Ketua Politeknik Agraria STPN, Sri Yanti Achmad, menyatakan bahwa institusinya fokus mempersiapkan lulusan yang berminat pada bidang keagrariaan, pertanahan, penataan ruang, hingga aspek kadaster atau pemetaan bidang tanah.
"Bidang-bidang tersebut menjadi fokus pembelajaran yang kami siapkan untuk mendukung kebutuhan pembangunan nasional," ujar Sri Yanti di Gedung Politeknik Agraria STPN, Sleman, D.I. Yogyakarta, Rabu (03/06/2026).
Saat ini, Politeknik Agraria STPN menyelenggarakan empat program studi (prodi) Sarjana Terapan, meliputi:
Sarjana Terapan Pertanahan
Sarjana Terapan Kebijakan dan Manajemen Pendaftaran Tanah
Sarjana Terapan Manajemen Penataan Ruang dan Pertanahan
Sarjana Terapan Survei, Pemetaan dan Informasi Pertanahan
Keempat prodi tersebut dirancang secara spesifik guna menghasilkan lulusan yang menguasai administrasi, hukum pertanahan, pendaftaran tanah, penataan ruang, serta survei dan pemetaan. Kompetensi ini diperkuat dengan kemampuan pengelolaan data spasial serta informasi pertanahan yang esensial bagi penyelenggaraan layanan pertanahan modern.

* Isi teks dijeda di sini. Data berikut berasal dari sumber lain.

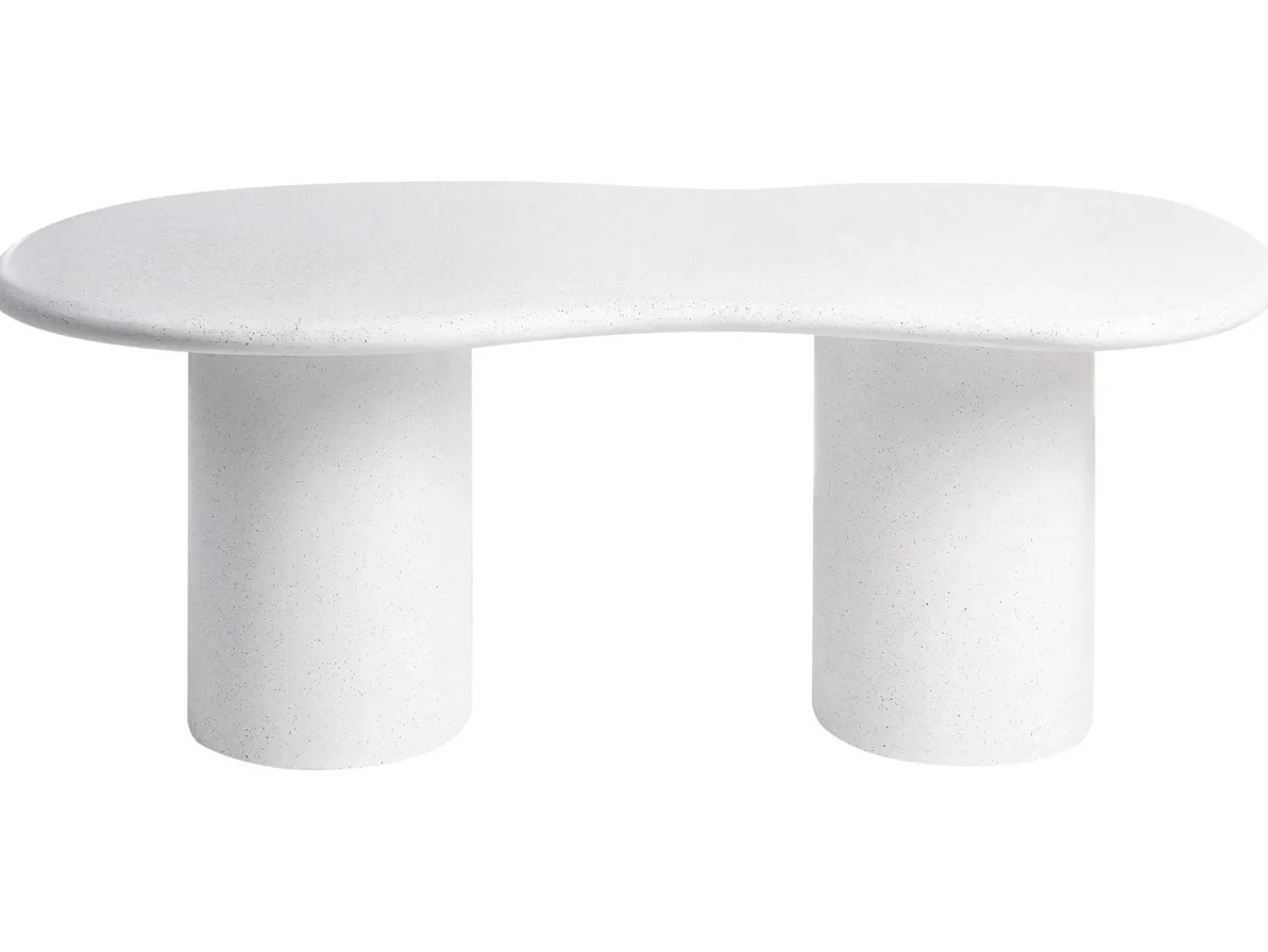 Clearance Beliani Tavolo da pranzo da giardino SIRMIONE 200 cm 110 cm Effetto terrazzo Terrazzo Bianco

Sri Yanti menekankan, keunggulan utama Politeknik Agraria STPN terletak pada integrasi berbagai disiplin ilmu yang berkaitan. Menurutnya, persoalan pertanahan tidak hanya terbatas pada masalah teknis pemetaan dan pengukuran, melainkan mencakup aspek hukum, kepastian subjek dan objek hak atas tanah, tata ruang, perencanaan wilayah, hingga ilmu kebumian. Melalui kurikulum multidisiplin ini, lulusan diharapkan mampu berkontribusi secara komprehensif dalam kebijakan agraria nasional.

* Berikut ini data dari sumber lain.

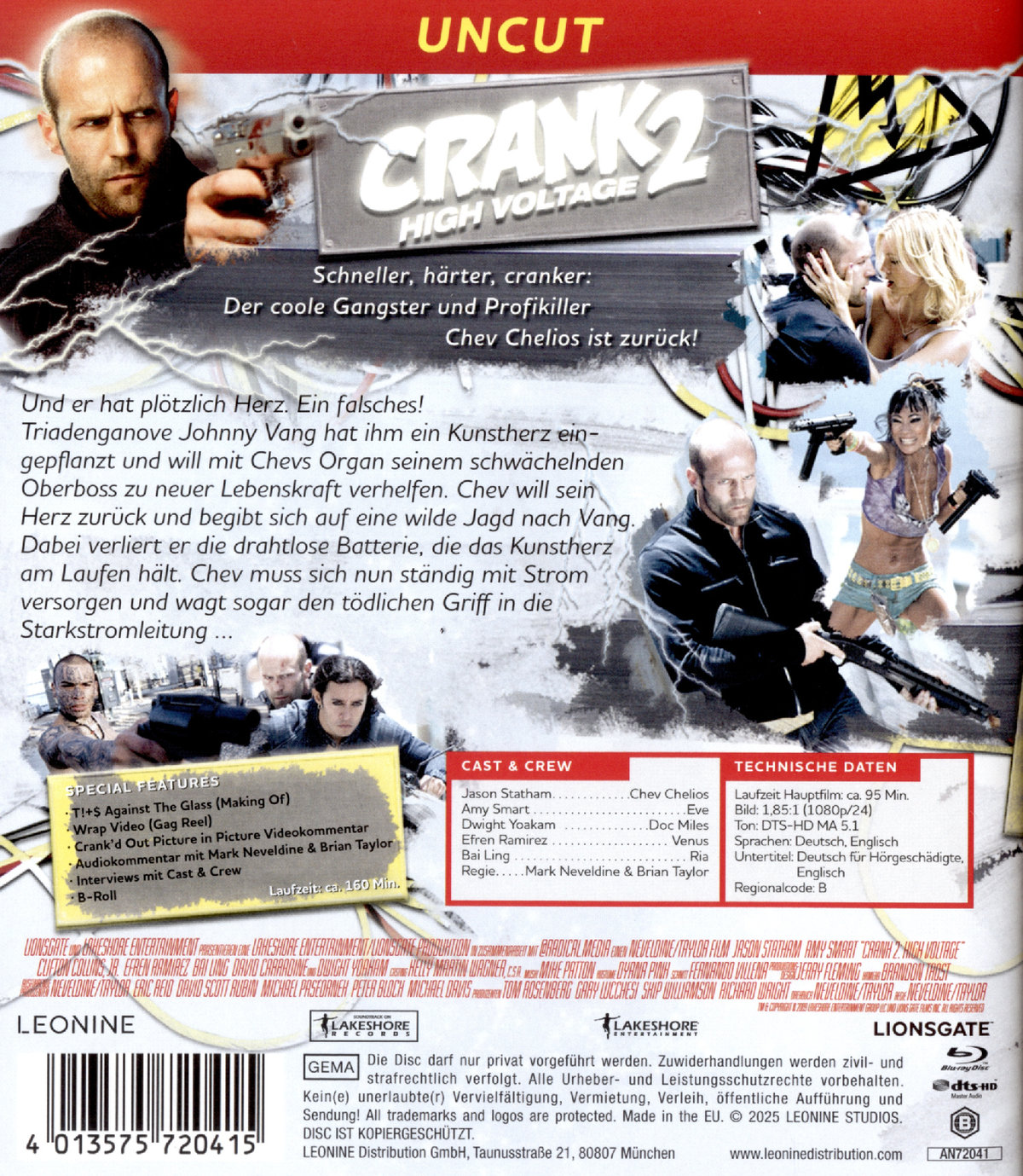 Crank 2 - High Voltage  (Blu-ray Disc)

Selain aspek akademis (hard skill), perguruan tinggi ini juga menerapkan sistem pendidikan berasrama. Sistem tersebut difungsikan sebagai sarana pembentukan karakter, integritas, dan kemampuan sosial para taruna.
"Yang kami bangun tidak hanya keterampilan atau hard skill, tetapi juga karakter dan integritas. Itu menjadi bagian penting dalam proses pendidikan di Politeknik Agraria," tegas Sri Yanti.

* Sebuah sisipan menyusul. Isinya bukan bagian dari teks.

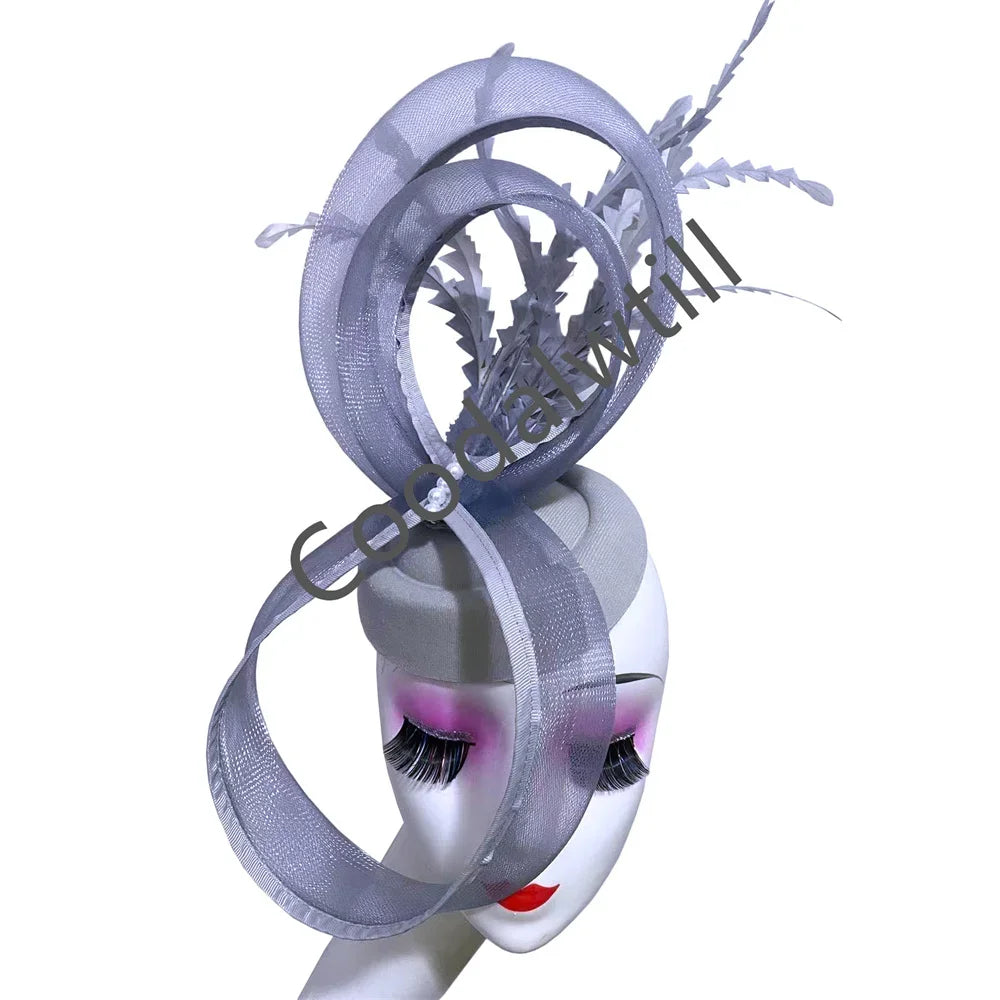 Women Cocktail Church Veils Pillbox Cap Fascinator Hat Accessories Elegant Ladies Femme Party Dinner Chapeau Cap Bride Headwear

Menutup keterangannya, Sri Yanti mengajak para siswa kelas XII SMA atau sederajat untuk mempertimbangkan Politeknik Agraria STPN sebagai kelanjutan pendidikan tinggi mereka guna menjadi bagian dari pembangunan tata ruang masa depan.
Informasi lengkap mengenai persyaratan, jadwal pendaftaran, dan tahapan seleksi penerimaan taruna baru dapat diakses melalui situs resmi stpn.ac.id serta akun media sosial resmi Politeknik Agraria STPN.